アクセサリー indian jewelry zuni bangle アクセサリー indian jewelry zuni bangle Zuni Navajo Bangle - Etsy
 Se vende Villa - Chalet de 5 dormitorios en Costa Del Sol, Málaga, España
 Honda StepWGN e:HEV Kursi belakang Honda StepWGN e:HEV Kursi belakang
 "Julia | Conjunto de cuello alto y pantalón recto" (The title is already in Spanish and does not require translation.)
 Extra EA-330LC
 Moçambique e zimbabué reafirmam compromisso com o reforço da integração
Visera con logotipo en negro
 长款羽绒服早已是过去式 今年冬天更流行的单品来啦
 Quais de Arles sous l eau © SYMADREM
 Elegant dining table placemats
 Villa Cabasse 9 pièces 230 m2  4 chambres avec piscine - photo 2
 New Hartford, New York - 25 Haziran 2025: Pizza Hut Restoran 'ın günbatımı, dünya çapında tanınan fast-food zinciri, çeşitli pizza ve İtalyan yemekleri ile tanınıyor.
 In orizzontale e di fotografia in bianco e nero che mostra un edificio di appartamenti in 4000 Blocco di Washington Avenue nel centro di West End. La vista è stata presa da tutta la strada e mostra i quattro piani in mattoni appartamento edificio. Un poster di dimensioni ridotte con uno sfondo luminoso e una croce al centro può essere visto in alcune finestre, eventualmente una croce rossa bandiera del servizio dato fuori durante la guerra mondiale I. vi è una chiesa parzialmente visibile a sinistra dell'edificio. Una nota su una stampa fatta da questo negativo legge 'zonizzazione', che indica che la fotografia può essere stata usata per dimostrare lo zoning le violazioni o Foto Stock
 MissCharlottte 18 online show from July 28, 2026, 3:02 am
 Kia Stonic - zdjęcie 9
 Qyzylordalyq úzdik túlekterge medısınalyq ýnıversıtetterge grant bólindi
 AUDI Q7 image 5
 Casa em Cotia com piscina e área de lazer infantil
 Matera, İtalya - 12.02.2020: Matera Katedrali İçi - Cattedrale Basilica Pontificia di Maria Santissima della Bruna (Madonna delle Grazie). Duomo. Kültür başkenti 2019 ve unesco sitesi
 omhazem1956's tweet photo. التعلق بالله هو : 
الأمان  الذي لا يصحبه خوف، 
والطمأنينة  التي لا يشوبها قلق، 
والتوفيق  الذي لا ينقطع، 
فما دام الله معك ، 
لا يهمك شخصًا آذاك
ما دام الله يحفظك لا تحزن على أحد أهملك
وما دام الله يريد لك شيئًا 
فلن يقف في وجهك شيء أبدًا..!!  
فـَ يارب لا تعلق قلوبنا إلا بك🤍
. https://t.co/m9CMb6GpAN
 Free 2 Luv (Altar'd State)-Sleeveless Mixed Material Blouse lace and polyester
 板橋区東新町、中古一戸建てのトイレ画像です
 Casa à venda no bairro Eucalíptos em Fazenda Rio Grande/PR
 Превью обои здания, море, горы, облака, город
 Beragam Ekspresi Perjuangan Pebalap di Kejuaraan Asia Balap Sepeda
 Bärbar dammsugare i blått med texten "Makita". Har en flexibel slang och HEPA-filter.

....................

*ABOUT THIS TASK*
What you write must match the records above line for line.

*RESPONSE TO THE TASK*
アクセサリー indian jewelry zuni bangle アクセサリー indian jewelry zuni bangle Zuni Navajo Bangle - Etsy
 Se vende Villa - Chalet de 5 dormitorios en Costa Del Sol, Málaga, España
 Honda StepWGN e:HEV Kursi belakang Honda StepWGN e:HEV Kursi belakang
 "Julia | Conjunto de cuello alto y pantalón recto" (The title is already in Spanish and does not require translation.)
 Extra EA-330LC
 Moçambique e zimbabué reafirmam compromisso com o reforço da integração
Visera con logotipo en negro
 长款羽绒服早已是过去式 今年冬天更流行的单品来啦
 Quais de Arles sous l eau © SYMADREM
 Elegant dining table placemats
 Villa Cabasse 9 pièces 230 m2  4 chambres avec piscine - photo 2
 New Hartford, New York - 25 Haziran 2025: Pizza Hut Restoran 'ın günbatımı, dünya çapında tanınan fast-food zinciri, çeşitli pizza ve İtalyan yemekleri ile tanınıyor.
 In orizzontale e di fotografia in bianco e nero che mostra un edificio di appartamenti in 4000 Blocco di Washington Avenue nel centro di West End. La vista è stata presa da tutta la strada e mostra i quattro piani in mattoni appartamento edificio. Un poster di dimensioni ridotte con uno sfondo luminoso e una croce al centro può essere visto in alcune finestre, eventualmente una croce rossa bandiera del servizio dato fuori durante la guerra mondiale I. vi è una chiesa parzialmente visibile a sinistra dell'edificio. Una nota su una stampa fatta da questo negativo legge 'zonizzazione', che indica che la fotografia può essere stata usata per dimostrare lo zoning le violazioni o Foto Stock
 MissCharlottte 18 online show from July 28, 2026, 3:02 am
 Kia Stonic - zdjęcie 9
 Qyzylordalyq úzdik túlekterge medısınalyq ýnıversıtetterge grant bólindi
 AUDI Q7 image 5
 Casa em Cotia com piscina e área de lazer infantil
 Matera, İtalya - 12.02.2020: Matera Katedrali İçi - Cattedrale Basilica Pontificia di Maria Santissima della Bruna (Madonna delle Grazie). Duomo. Kültür başkenti 2019 ve unesco sitesi
 omhazem1956's tweet photo. التعلق بالله هو : 
الأمان  الذي لا يصحبه خوف، 
والطمأنينة  التي لا يشوبها قلق، 
والتوفيق  الذي لا ينقطع، 
فما دام الله معك ، 
لا يهمك شخصًا آذاك
ما دام الله يحفظك لا تحزن على أحد أهملك
وما دام الله يريد لك شيئًا 
فلن يقف في وجهك شيء أبدًا..!!  
فـَ يارب لا تعلق قلوبنا إلا بك🤍
. https://t.co/m9CMb6GpAN
 Free 2 Luv (Altar'd State)-Sleeveless Mixed Material Blouse lace and polyester
 板橋区東新町、中古一戸建てのトイレ画像です
 Casa à venda no bairro Eucalíptos em Fazenda Rio Grande/PR
 Превью обои здания, море, горы, облака, город
 Beragam Ekspresi Perjuangan Pebalap di Kejuaraan Asia Balap Sepeda
 Bärbar dammsugare i blått med texten "Makita". Har en flexibel slang och HEPA-filter.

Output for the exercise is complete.